Arising organically from his music and his mindfulness practice, Phillip designed and teaches Radical Quiet in the University of Utah’s Honors College (and also periodically offers a similar but shorter public course; if interested).

“If you look at zero you see nothing, but look through it and you will see the world.”

Mathematician Robert Kaplan, The Nothing That Is: A Natural History of Zero, Your Content Goes Here

As a counterbalance to the loud and fast modes so predominant in today’s society, Radical Quiet proposes, explores and develops vital alternatives: quiet and slow ways of living, learning and appreciating our lives and the world around us.

This course digs down to the radical root—the fundamental quality, meaning and aesthetics—of quiet. We curate and cultivate a quiet that is not small, contained, weak or separate, but rather a quiet that is big, all-embracing, powerful and pervasive.

We seek not the absence of sound but the presence of awareness.

Our awareness will grow through the daily practice of mindfulness. Based on this foundation we will develop critical, creative and interpretive skills through deep listening (to sounds and music), slow looking (at art) and contemplative reading (of literature). Silence will be our teacher; music will include “the space between the notes” (Claude Debussy); and artistic concepts, structures and forms will be the architecture for our learning and experience.

Cross-cutting themes will include:

  • 1. The quiet power of introspection and contemplation.

  • 2. The Japanese concept of Ma (respect for pauses in time and emptiness in space)

  • 3. The capability of “being in uncertainties, mysteries, doubts” (Negative Capability, John Keats)
  • 4. The environmental and social effects of noise

  • 5. The cultivation of quiet “as an act of political resistance to the attention economy” (How to Do Nothing, Jenny Odell)
  • 6. The skill and practice of listening (to ourselves and others)
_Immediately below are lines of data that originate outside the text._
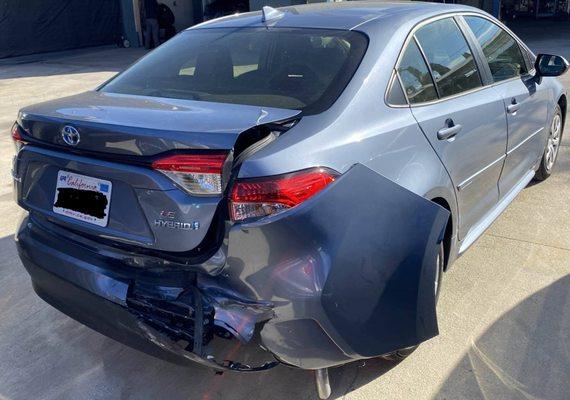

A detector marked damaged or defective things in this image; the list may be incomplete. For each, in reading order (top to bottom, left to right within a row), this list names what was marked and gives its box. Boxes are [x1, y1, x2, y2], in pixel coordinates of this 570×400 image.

crushed rear bumper [15, 164, 446, 370] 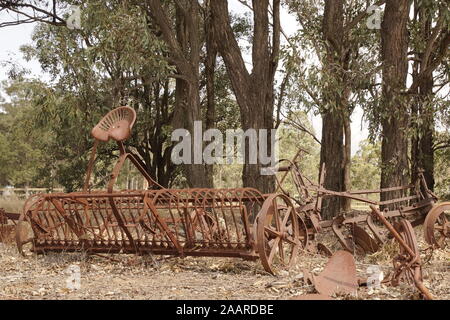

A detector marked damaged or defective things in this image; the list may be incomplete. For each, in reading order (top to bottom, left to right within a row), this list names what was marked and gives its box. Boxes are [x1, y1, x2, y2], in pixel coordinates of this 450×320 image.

rusty farm machinery [1, 107, 448, 298] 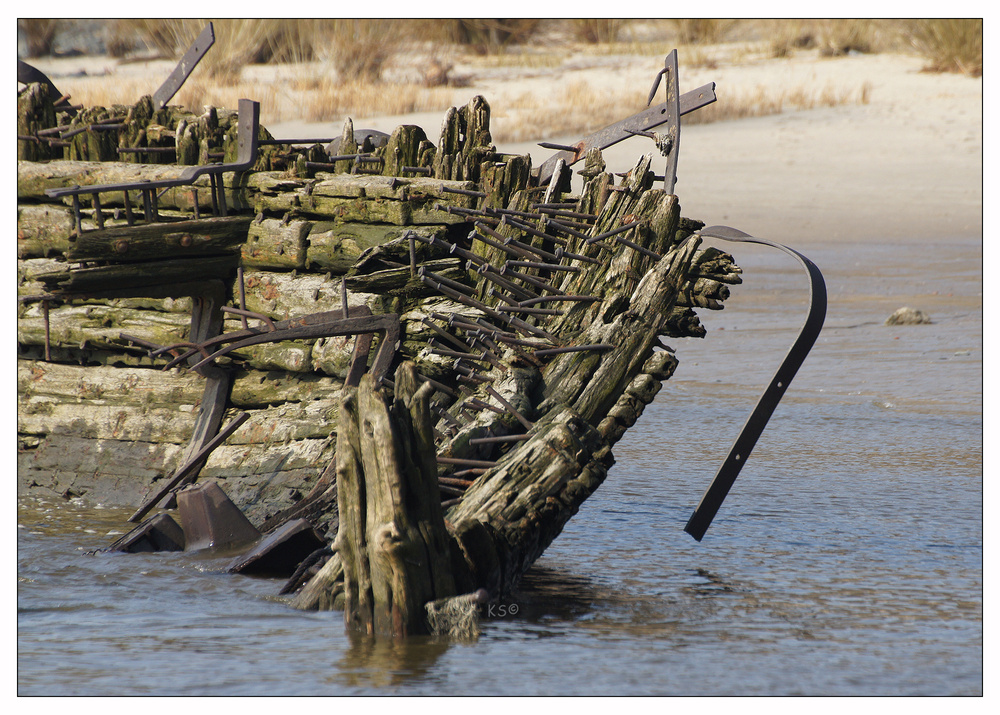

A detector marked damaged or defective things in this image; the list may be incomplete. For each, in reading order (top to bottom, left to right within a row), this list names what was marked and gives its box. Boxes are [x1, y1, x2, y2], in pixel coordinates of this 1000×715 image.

corroded metal bracket [680, 227, 828, 540] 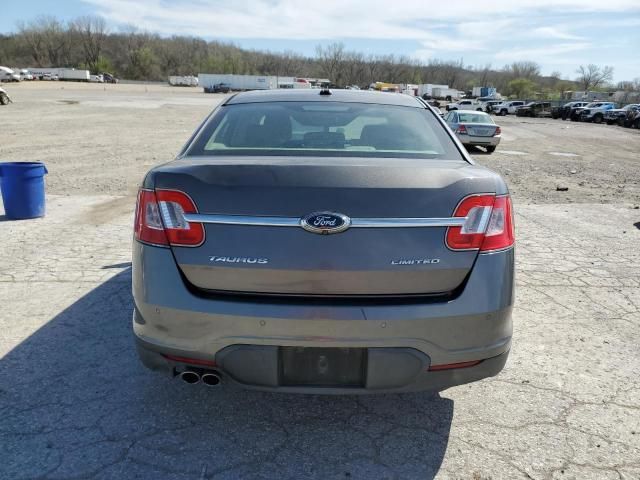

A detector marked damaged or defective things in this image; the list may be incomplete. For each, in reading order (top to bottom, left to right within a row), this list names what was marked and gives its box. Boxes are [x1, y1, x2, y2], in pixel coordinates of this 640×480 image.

cracked pavement [2, 196, 636, 480] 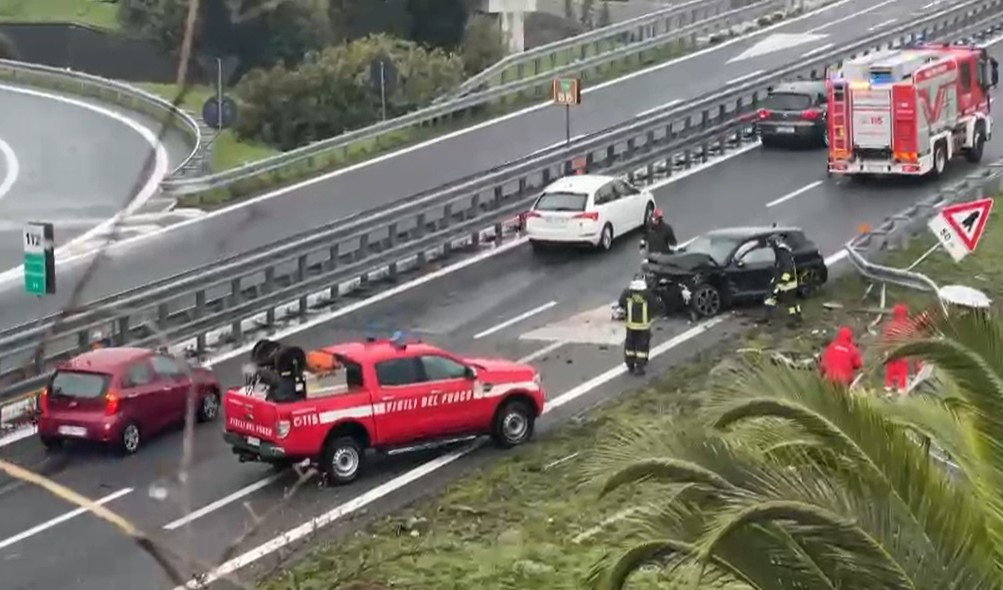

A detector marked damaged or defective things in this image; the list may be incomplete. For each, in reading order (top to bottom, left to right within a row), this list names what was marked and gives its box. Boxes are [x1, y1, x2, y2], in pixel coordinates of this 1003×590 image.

damaged guardrail section [0, 0, 998, 429]
damaged black suv [641, 225, 830, 317] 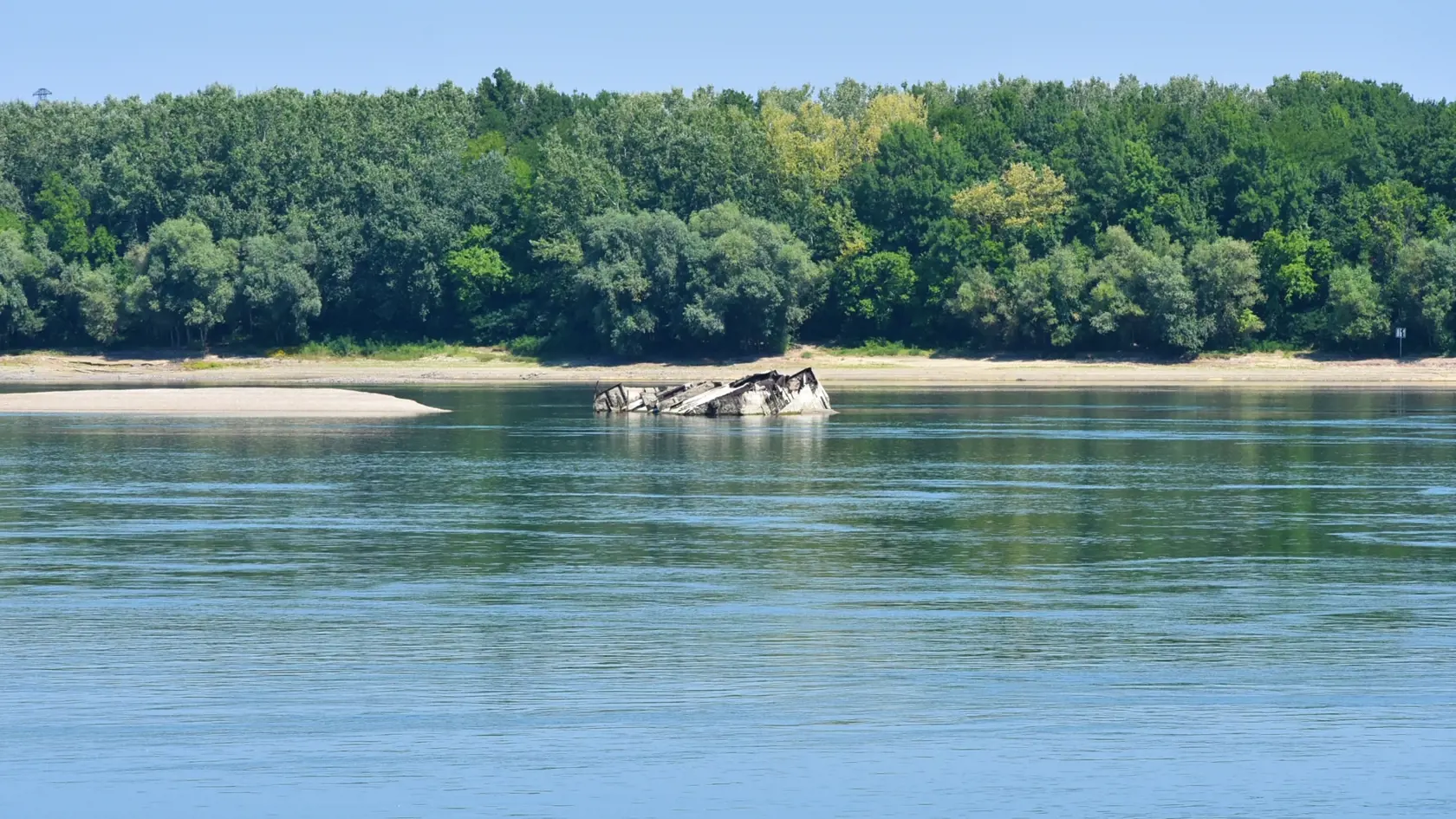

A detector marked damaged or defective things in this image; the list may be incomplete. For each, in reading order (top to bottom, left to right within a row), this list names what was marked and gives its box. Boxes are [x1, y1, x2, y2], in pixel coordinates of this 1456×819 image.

rusted metal hull [591, 367, 838, 413] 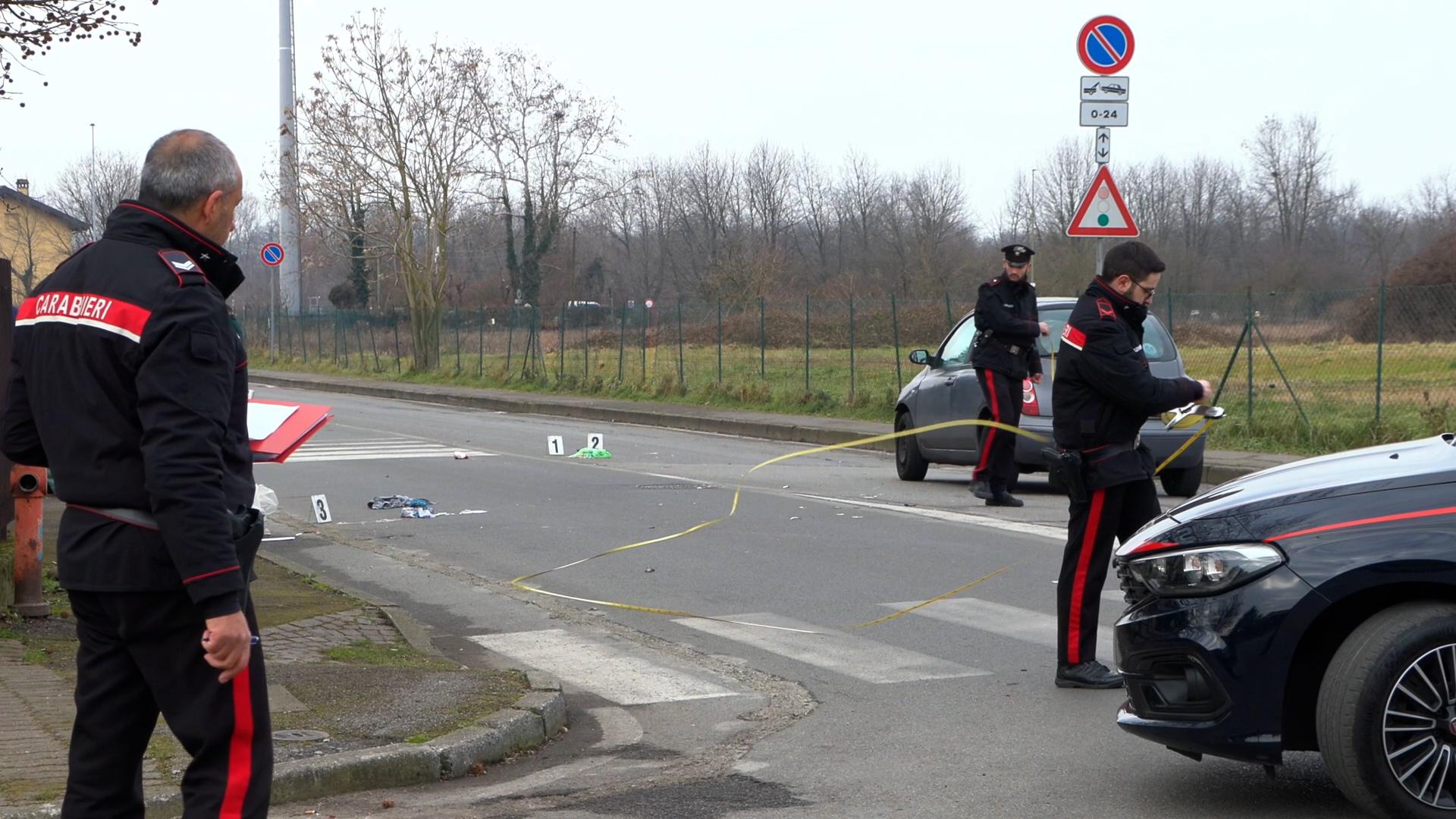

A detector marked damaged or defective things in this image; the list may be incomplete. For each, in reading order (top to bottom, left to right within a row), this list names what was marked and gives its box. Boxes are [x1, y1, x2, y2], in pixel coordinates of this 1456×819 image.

rusty metal post [10, 466, 49, 612]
Radical Quiet offers a “space both to be and to become” (Parker Palmer) and cultivates a classroom that equally values speaking and listening, so that each student may know in deep, profound and valuable ways.

Whether looking at art, dance, landscape or life, whether hearing music, nature or the sounds of the city, our goal is to “see with fresh eyes” and hear with fresh ears, to “turn the everyday flow of perception into an act of discovery” (Slow Looking, Shari Tishman), and to become “completely aware of being alive” (How to Do Nothing, Jenny Odell).